- **Provided records**:
::::::::

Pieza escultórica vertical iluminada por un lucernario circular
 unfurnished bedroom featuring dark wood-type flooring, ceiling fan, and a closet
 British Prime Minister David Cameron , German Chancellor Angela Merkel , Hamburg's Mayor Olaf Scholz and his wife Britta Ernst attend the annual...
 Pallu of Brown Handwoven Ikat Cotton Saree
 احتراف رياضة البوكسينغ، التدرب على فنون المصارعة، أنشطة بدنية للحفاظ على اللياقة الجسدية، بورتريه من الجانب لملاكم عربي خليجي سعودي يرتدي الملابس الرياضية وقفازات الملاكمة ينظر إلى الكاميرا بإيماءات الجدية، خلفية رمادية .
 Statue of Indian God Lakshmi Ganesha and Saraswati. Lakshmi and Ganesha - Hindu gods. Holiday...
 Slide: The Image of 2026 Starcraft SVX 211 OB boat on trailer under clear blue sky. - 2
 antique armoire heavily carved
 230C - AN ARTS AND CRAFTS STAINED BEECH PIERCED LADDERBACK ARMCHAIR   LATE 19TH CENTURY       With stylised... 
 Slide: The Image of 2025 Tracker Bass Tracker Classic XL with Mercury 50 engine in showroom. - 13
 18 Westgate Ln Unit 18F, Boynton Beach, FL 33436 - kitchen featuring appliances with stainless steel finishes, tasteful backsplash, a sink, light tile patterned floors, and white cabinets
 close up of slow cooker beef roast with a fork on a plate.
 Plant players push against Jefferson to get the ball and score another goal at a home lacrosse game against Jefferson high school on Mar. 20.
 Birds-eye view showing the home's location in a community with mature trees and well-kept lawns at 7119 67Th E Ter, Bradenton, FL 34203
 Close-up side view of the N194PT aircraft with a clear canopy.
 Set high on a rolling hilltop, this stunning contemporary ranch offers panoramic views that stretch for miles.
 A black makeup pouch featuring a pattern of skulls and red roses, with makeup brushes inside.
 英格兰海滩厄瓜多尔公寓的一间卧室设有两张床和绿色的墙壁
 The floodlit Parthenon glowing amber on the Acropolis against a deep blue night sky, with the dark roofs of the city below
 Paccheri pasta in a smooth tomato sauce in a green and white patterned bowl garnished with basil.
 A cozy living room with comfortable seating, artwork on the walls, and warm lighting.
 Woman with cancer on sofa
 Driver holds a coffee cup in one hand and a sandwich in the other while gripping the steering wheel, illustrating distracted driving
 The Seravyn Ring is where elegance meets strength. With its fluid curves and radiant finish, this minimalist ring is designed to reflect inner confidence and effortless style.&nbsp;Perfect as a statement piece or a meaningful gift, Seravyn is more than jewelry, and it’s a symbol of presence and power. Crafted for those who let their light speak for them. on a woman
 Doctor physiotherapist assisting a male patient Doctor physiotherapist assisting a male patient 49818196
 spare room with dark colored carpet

::::::::

- **About this task**: Retype the portion of the data above that starts on the line with "احتراف رياضة البوكسينغ،" and finishes on the line with "The floodlit Parthenon", including both of those lines.

- **Answer for this exercise**:
 احتراف رياضة البوكسينغ، التدرب على فنون المصارعة، أنشطة بدنية للحفاظ على اللياقة الجسدية، بورتريه من الجانب لملاكم عربي خليجي سعودي يرتدي الملابس الرياضية وقفازات الملاكمة ينظر إلى الكاميرا بإيماءات الجدية، خلفية رمادية .
 Statue of Indian God Lakshmi Ganesha and Saraswati. Lakshmi and Ganesha - Hindu gods. Holiday...
 Slide: The Image of 2026 Starcraft SVX 211 OB boat on trailer under clear blue sky. - 2
 antique armoire heavily carved
 230C - AN ARTS AND CRAFTS STAINED BEECH PIERCED LADDERBACK ARMCHAIR   LATE 19TH CENTURY       With stylised... 
 Slide: The Image of 2025 Tracker Bass Tracker Classic XL with Mercury 50 engine in showroom. - 13
 18 Westgate Ln Unit 18F, Boynton Beach, FL 33436 - kitchen featuring appliances with stainless steel finishes, tasteful backsplash, a sink, light tile patterned floors, and white cabinets
 close up of slow cooker beef roast with a fork on a plate.
 Plant players push against Jefferson to get the ball and score another goal at a home lacrosse game against Jefferson high school on Mar. 20.
 Birds-eye view showing the home's location in a community with mature trees and well-kept lawns at 7119 67Th E Ter, Bradenton, FL 34203
 Close-up side view of the N194PT aircraft with a clear canopy.
 Set high on a rolling hilltop, this stunning contemporary ranch offers panoramic views that stretch for miles.
 A black makeup pouch featuring a pattern of skulls and red roses, with makeup brushes inside.
 英格兰海滩厄瓜多尔公寓的一间卧室设有两张床和绿色的墙壁
 The floodlit Parthenon glowing amber on the Acropolis against a deep blue night sky, with the dark roofs of the city below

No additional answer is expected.